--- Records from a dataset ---
<<<<

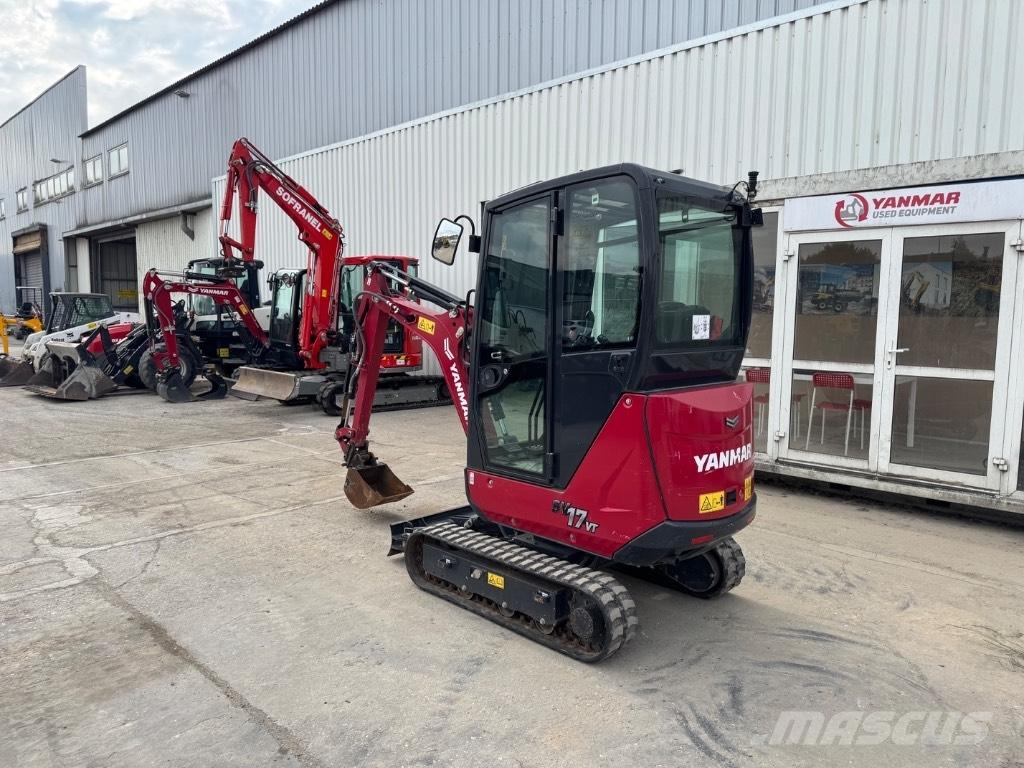 Yanmar SV17VT (22325) Minibagger < 7t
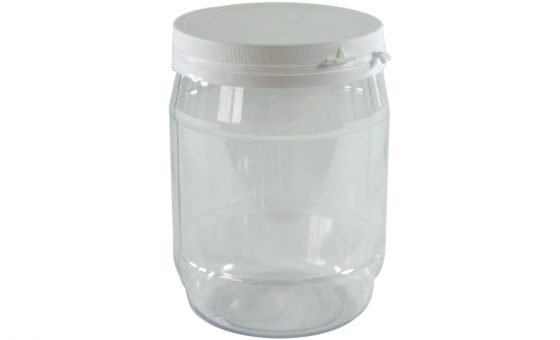 צנצנת פט לחיצה 750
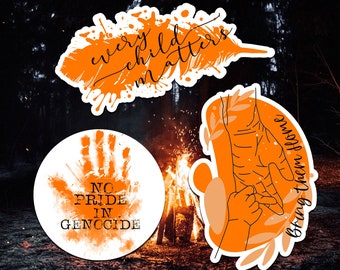 Orange Shirt Day Pinback Every Child Matters Pin MMIW Girl Awareness Pin Button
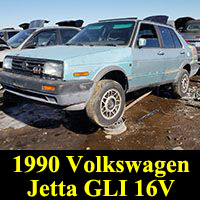 1990 Volkswagen Jetta 16V GLI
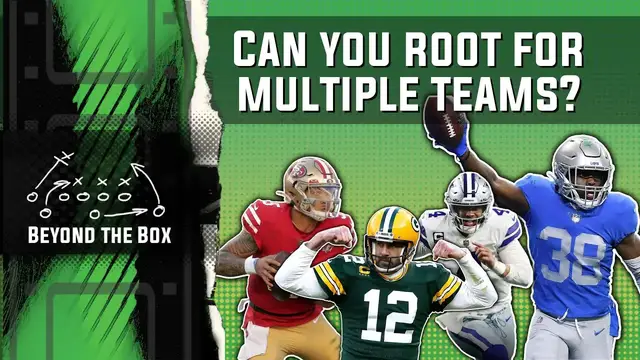 'Video thumbnail for Debate Time: Can you root for more than one team'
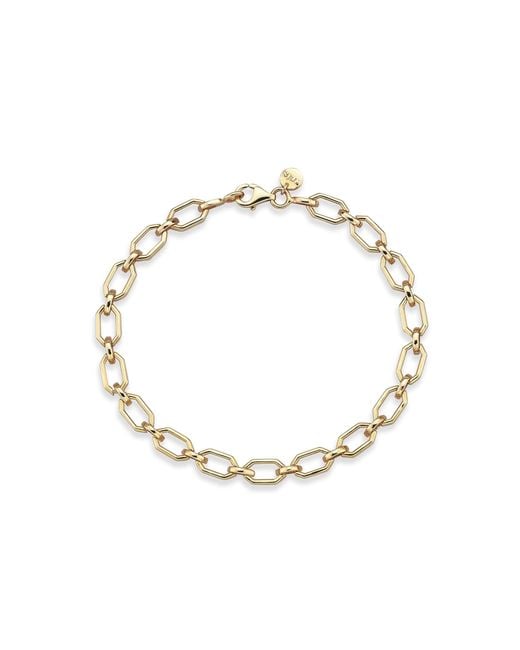 Reis Jewellery Black Bean Link Bracelet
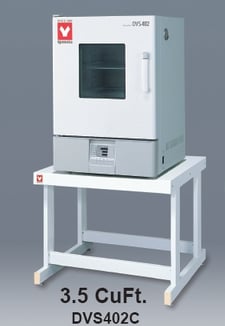 17" width x 17" H x 19" D Yamato #DVS402C-DVS412C, industrial gravity/convection oven, 260°C 500 °F), 115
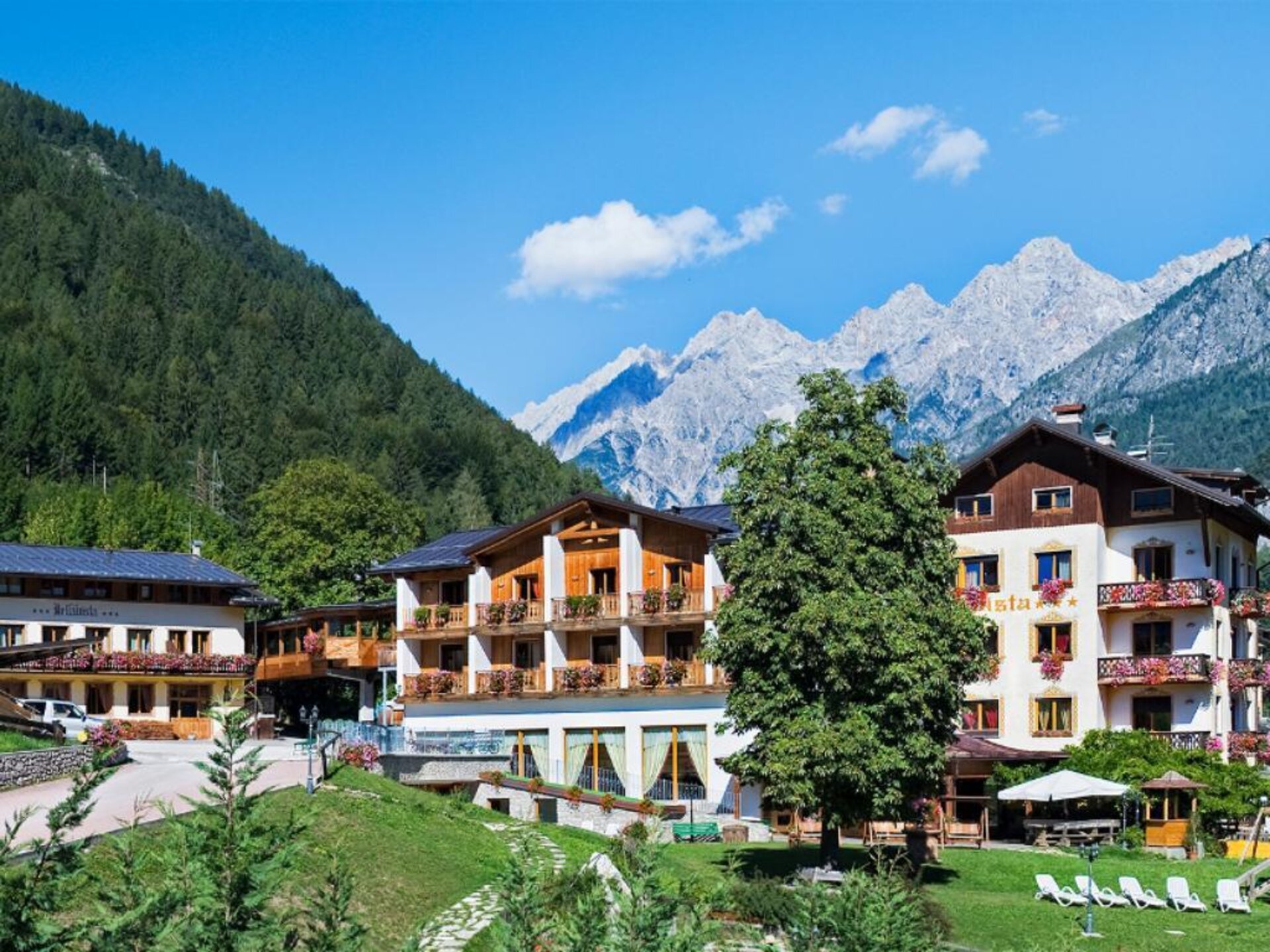 Hotels - Hotels - PARK HOTEL BELLAVISTA - Cadore Tre Cime Comelico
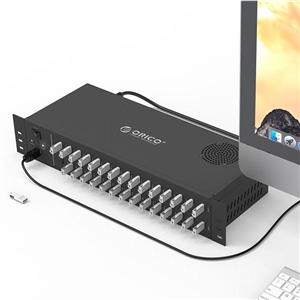 هاب USB صنعتی 30 پورت اوریکو مدل IH30U Orico IH30U 30 Port Industrial USB Hub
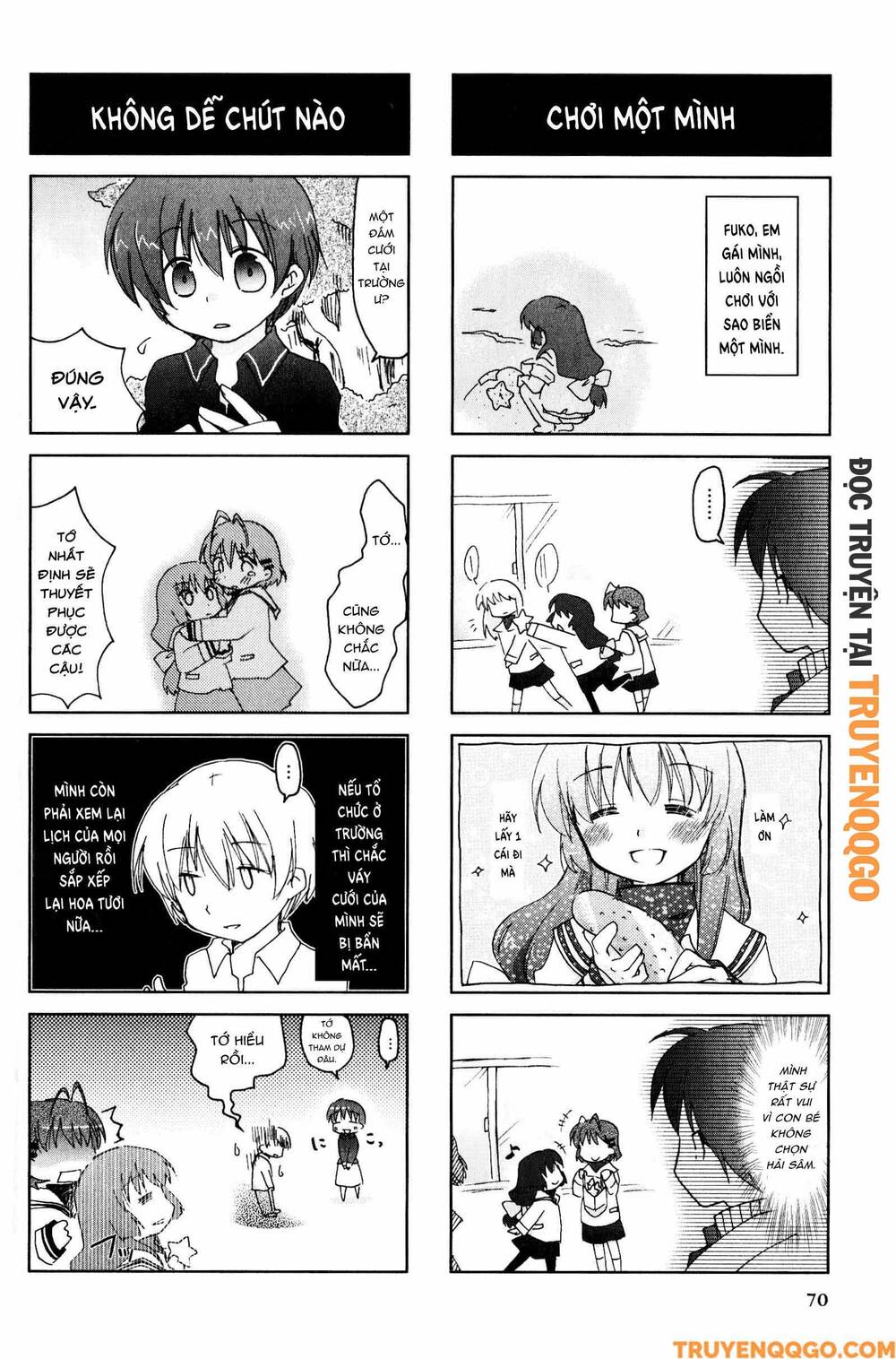 Clannad: Magic 4-Koma Chapter 66 - 5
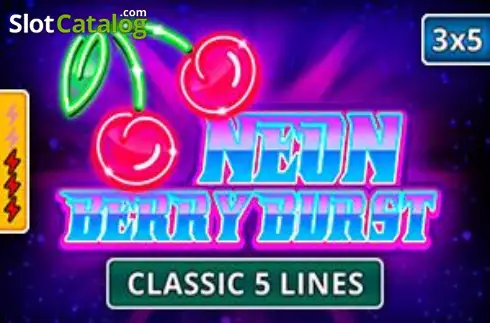 Neon Berry Burst логотип Neon Berry Burst логотип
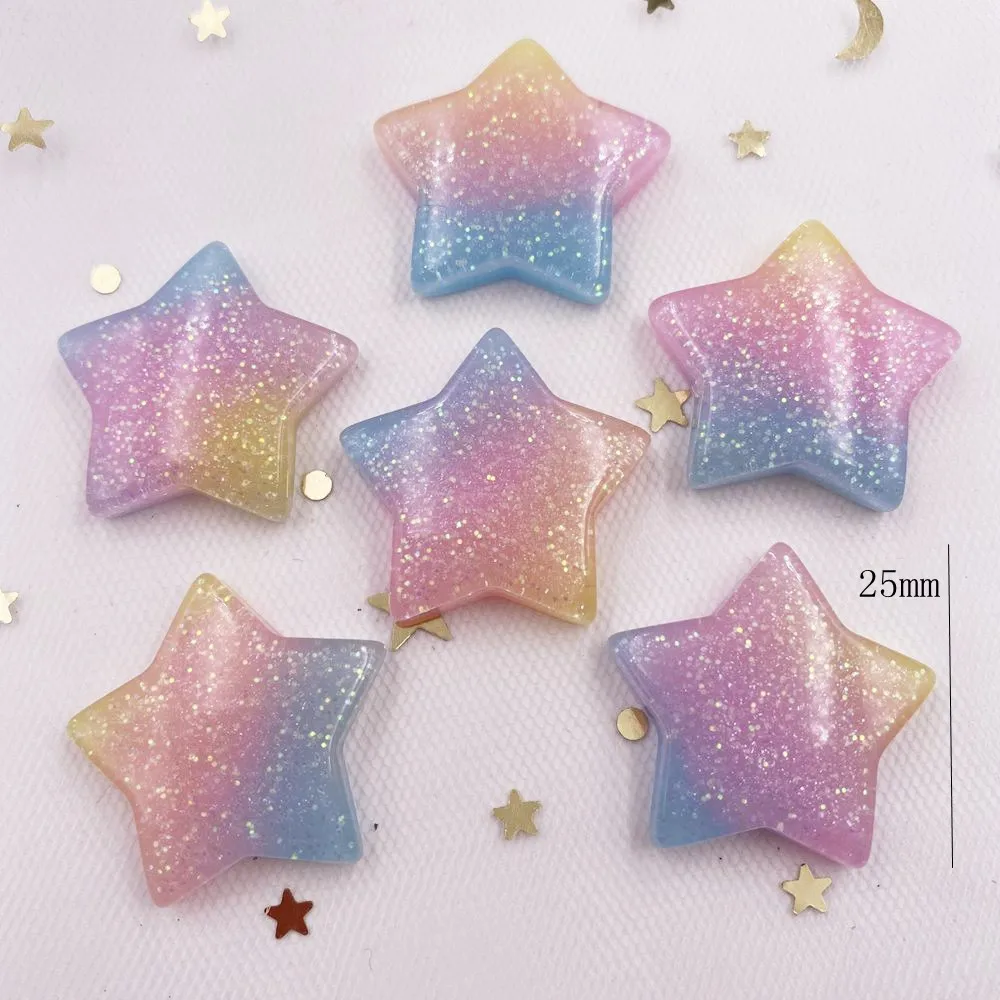 10PCS Glitter Kawaii เรซิ่นที่ - Paradise Jewelry & Watches Llc Miami Reviews บทวิจารณ์และราคา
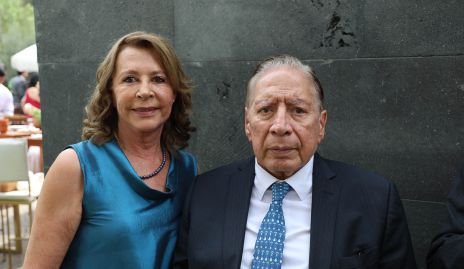  Rosy y Joaquín Arredondo.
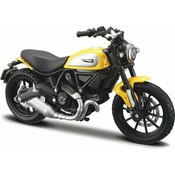 Maisto - Motocikel, Scrambler Ducati Icon, 1:18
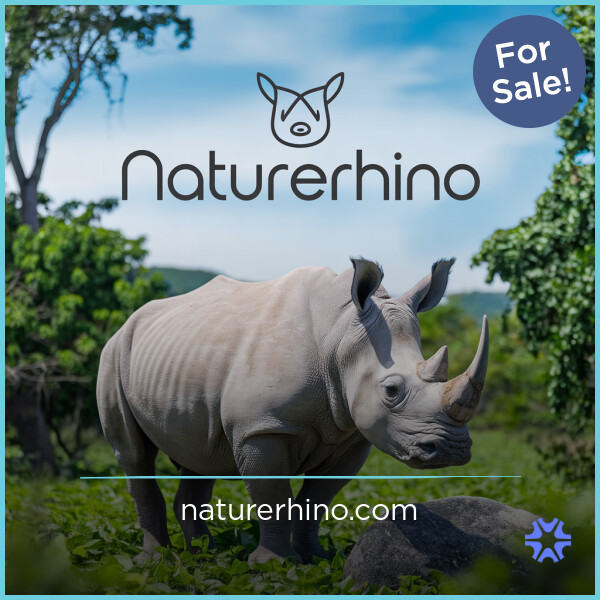 NatureRhino.com - Good premium domain names for sale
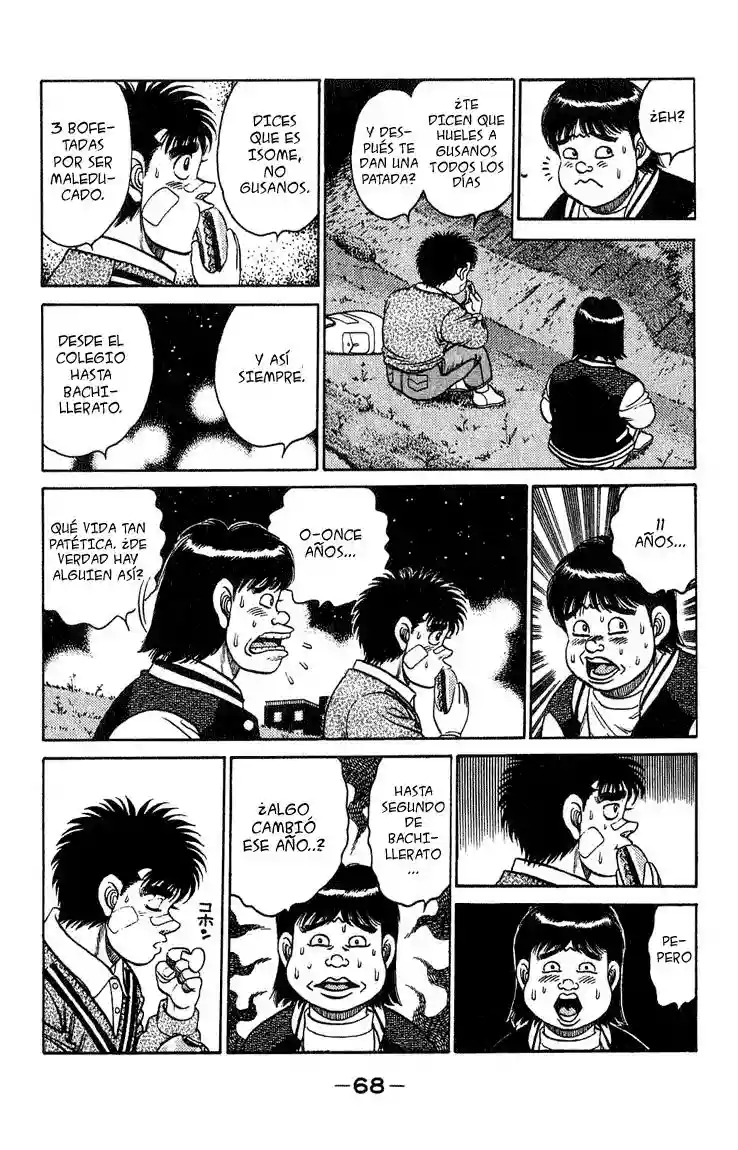 Hajime no Ippo Capítulo 118 - Page 6
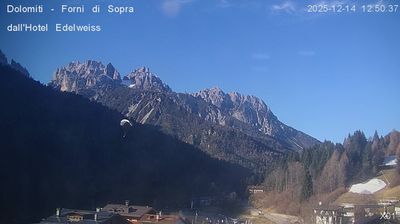 immagine della webcam nei dintorni di Auronzo di Cadore: webcam Forni di Sopra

>>>>

Beginning with the line where "Maisto - Motocikel, Scrambler" appears, restate word for word every line down to the last one in the data, but keep the pictures out.

 Maisto - Motocikel, Scrambler Ducati Icon, 1:18
 NatureRhino.com - Good premium domain names for sale
 Hajime no Ippo Capítulo 118 - Page 6
 immagine della webcam nei dintorni di Auronzo di Cadore: webcam Forni di Sopra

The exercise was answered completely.